Out-Law News | 22 Oct 2014 | 3:44 pm | 1 min. read
According to software provider Intercede nearly a quarter of UK employees (23%) are "completely unaware" of their employer's 'bring your own device' (BYOD) policy.
More than a fifth of respondents to an Intercede-commissioned survey (21%) said they had accessed corporate data on their mobile device without permission despite knowing they needed permission to do so, whilst a further 40% said they believed they would be able to access business information on their phones "without prior consent".
According to the survey of 1,213 UK employees, 40% of UK workers use either their own mobile device or one provided by their employer to "access secure corporate data". Nearly a fifth of those staff (19%) remain permanently logged in to the systems on which that data is stored, Intercede said.
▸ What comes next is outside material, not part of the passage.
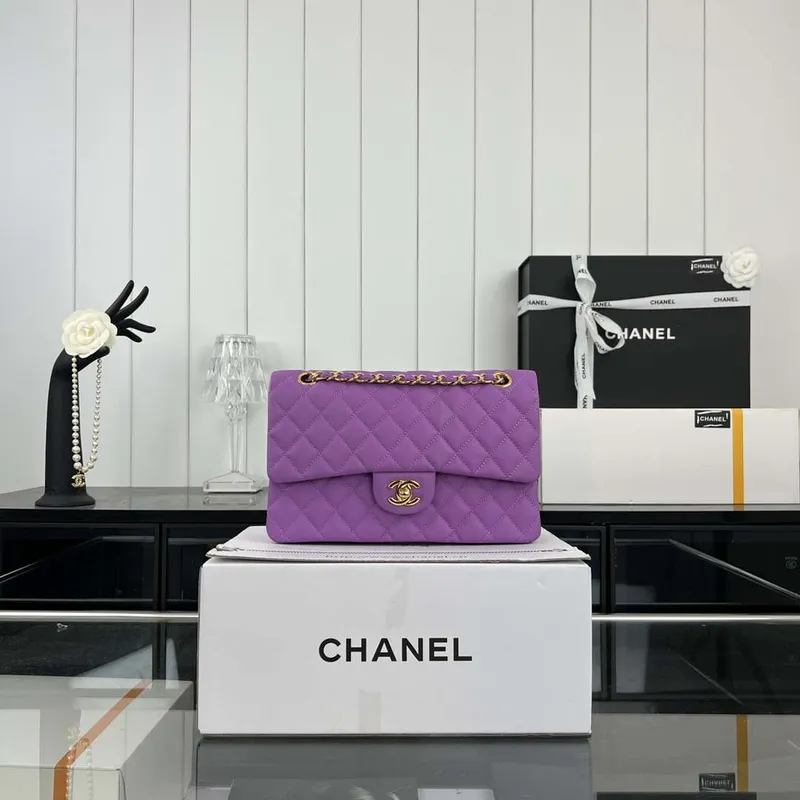 Chanel A01112 Klopová klasická kabelka 11.12 Zrnité telecí kůže a zlatý kov Orchidej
"By bypassing companies’ BYOD policies and not taking regulations into account when accessing sensitive data, employees are leaving the back door open to hackers," Richard Parris, Intercede chief executive, said.
Parris said mobile devices used for work purposes should be "a secure authentication device which acts as the first line of defence to protect corporate data being accessed on it".
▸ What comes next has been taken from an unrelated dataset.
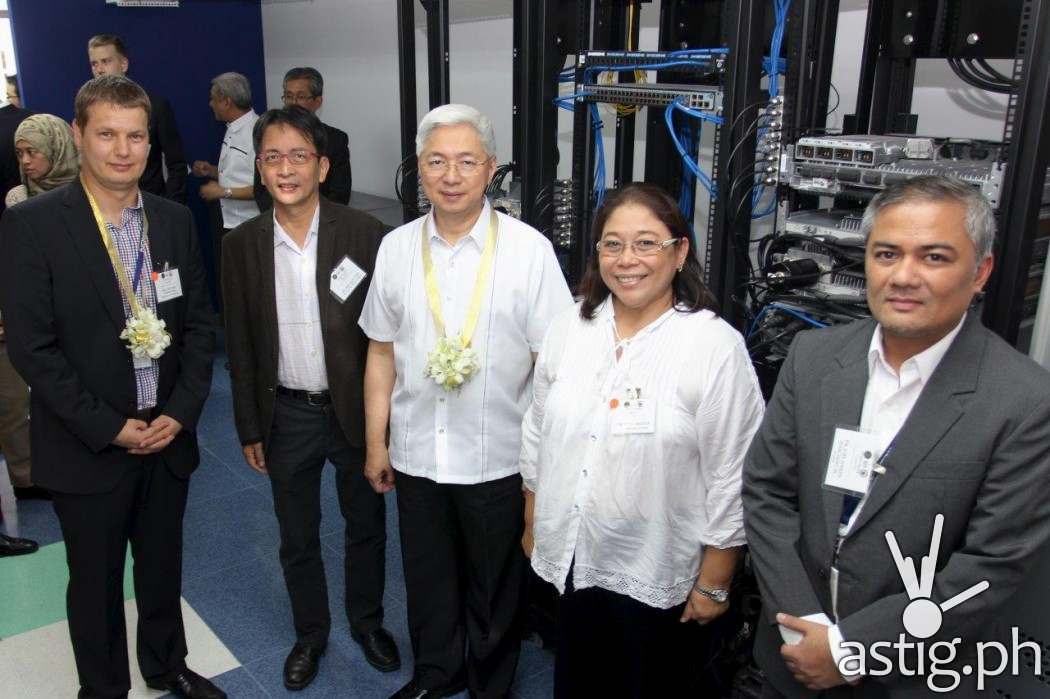 UP and Nokia officials inside the new lab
Intercede said that just 5% of respondents to its survey "were concerned that if they lost their handset corporate information would be compromised". Nearly one in 10 employees admitted to using IT services without the knowledge of their employers' "technology team" to access work emails without permission, Intercede said.
"The widespread apathy towards company data shown by the report highlights the need for companies to act quickly and robustly to protect their own data or risk major security incidents," Parris said.